What you should do
Write out, please, each line from the one containing "Victims of Houthis’" to the final line of the data, both included, exactly and without pictures.

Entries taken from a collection
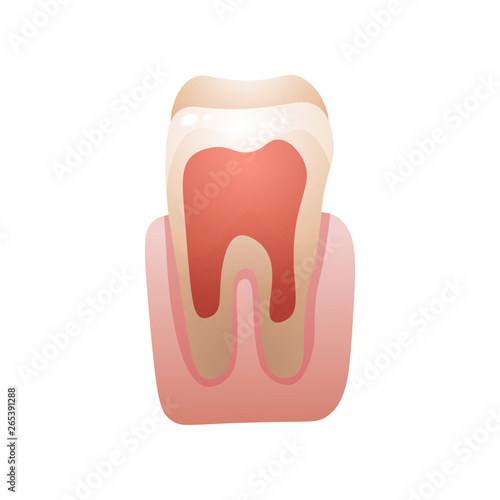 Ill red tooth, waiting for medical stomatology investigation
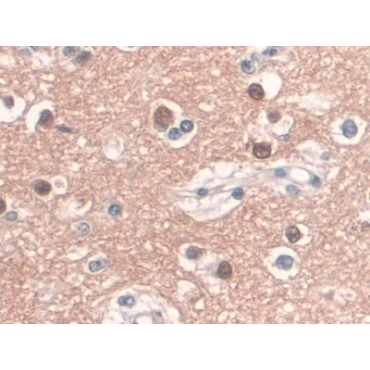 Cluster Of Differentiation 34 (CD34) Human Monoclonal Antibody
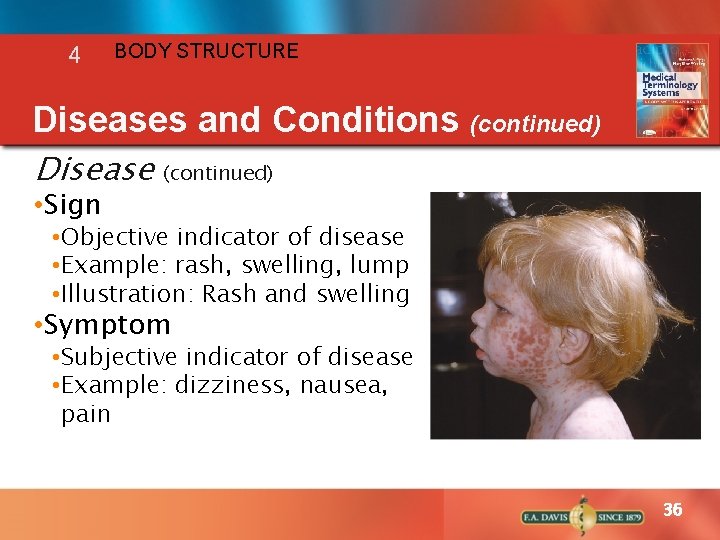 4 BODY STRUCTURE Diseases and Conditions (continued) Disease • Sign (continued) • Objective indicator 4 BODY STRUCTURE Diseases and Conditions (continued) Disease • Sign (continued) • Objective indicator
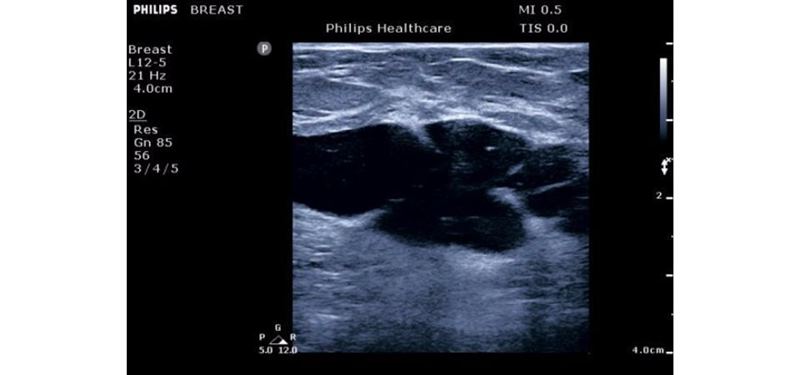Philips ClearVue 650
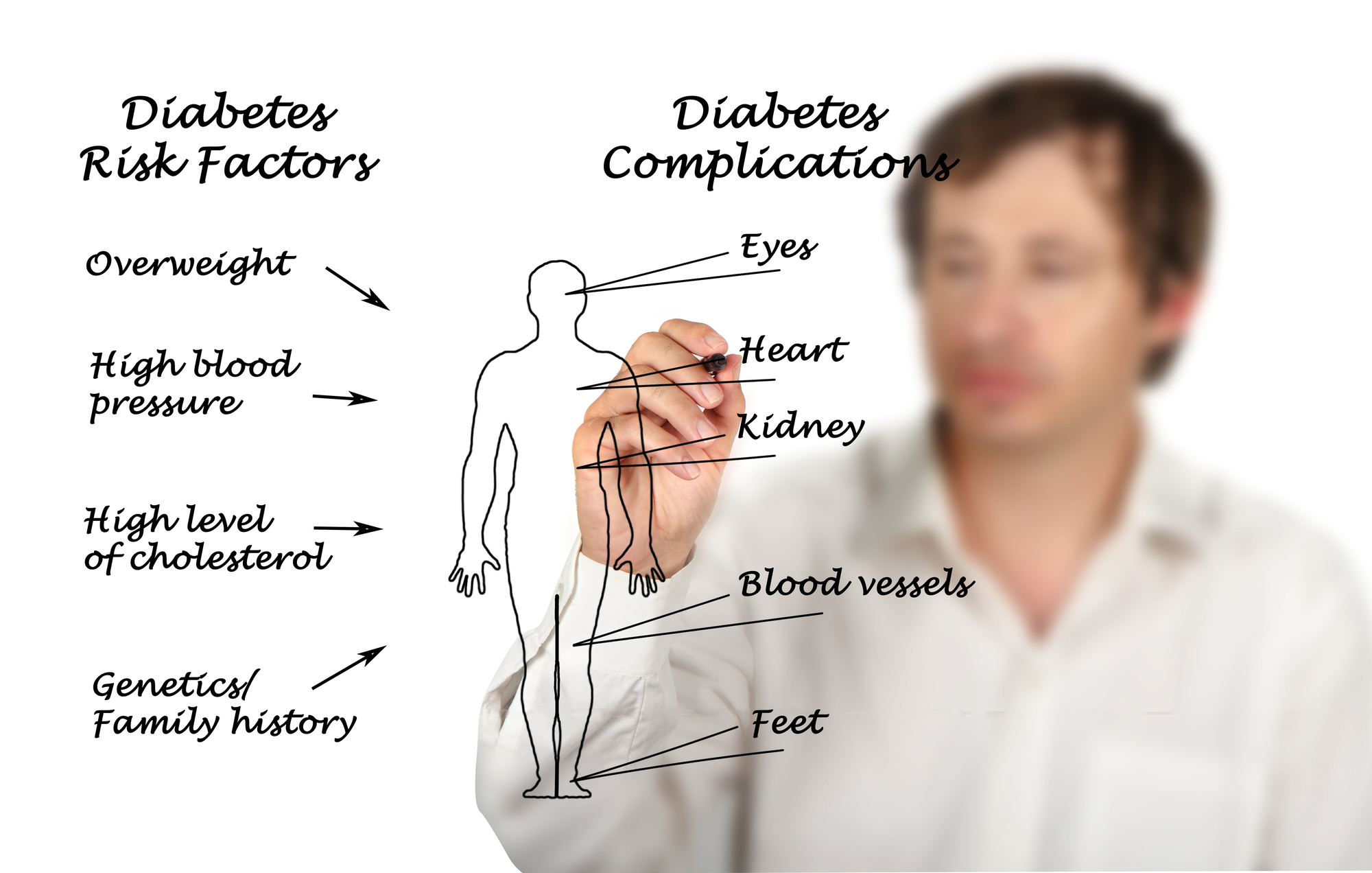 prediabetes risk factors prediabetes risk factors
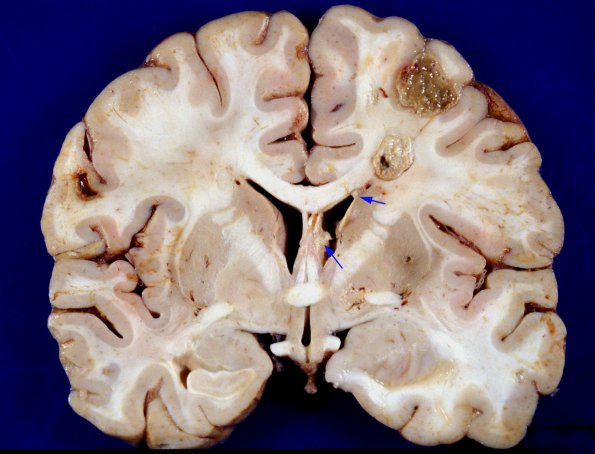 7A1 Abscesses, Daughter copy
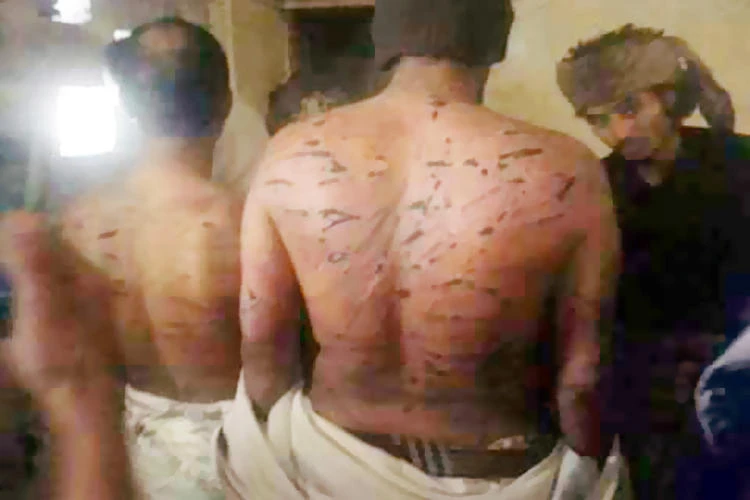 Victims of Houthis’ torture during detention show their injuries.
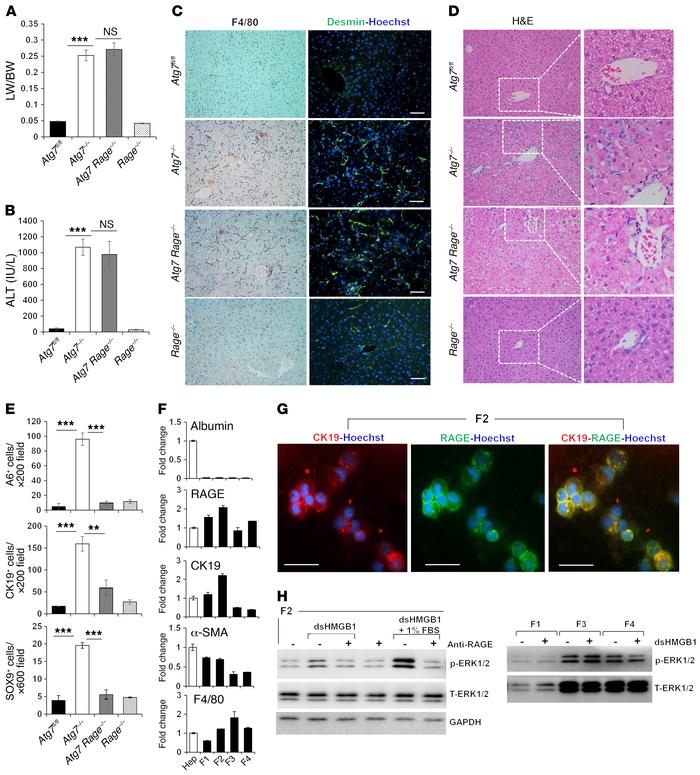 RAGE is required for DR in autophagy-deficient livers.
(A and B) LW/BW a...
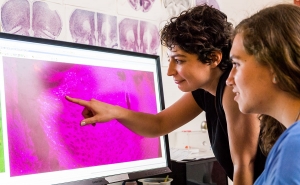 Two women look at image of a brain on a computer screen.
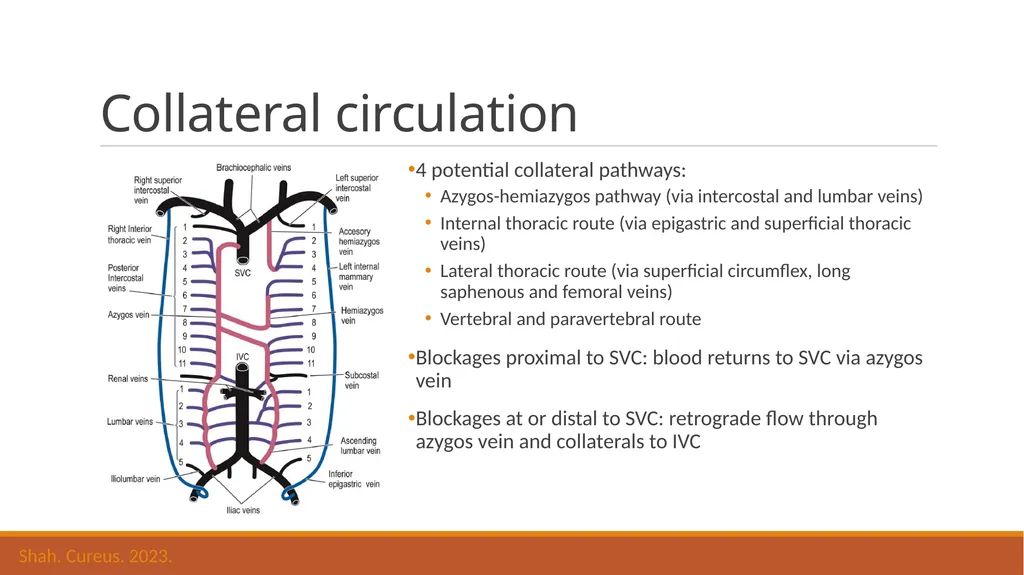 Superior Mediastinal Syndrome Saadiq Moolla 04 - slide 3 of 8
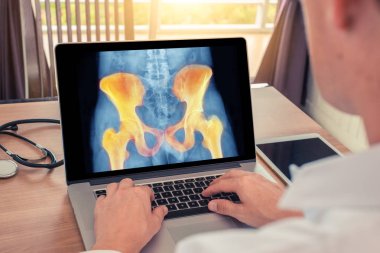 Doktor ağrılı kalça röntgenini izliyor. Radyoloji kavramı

Finished exercise
 Victims of Houthis’ torture during detention show their injuries.
 RAGE is required for DR in autophagy-deficient livers.
(A and B) LW/BW a...
 Two women look at image of a brain on a computer screen.
 Superior Mediastinal Syndrome Saadiq Moolla 04 - slide 3 of 8
 Doktor ağrılı kalça röntgenini izliyor. Radyoloji kavramı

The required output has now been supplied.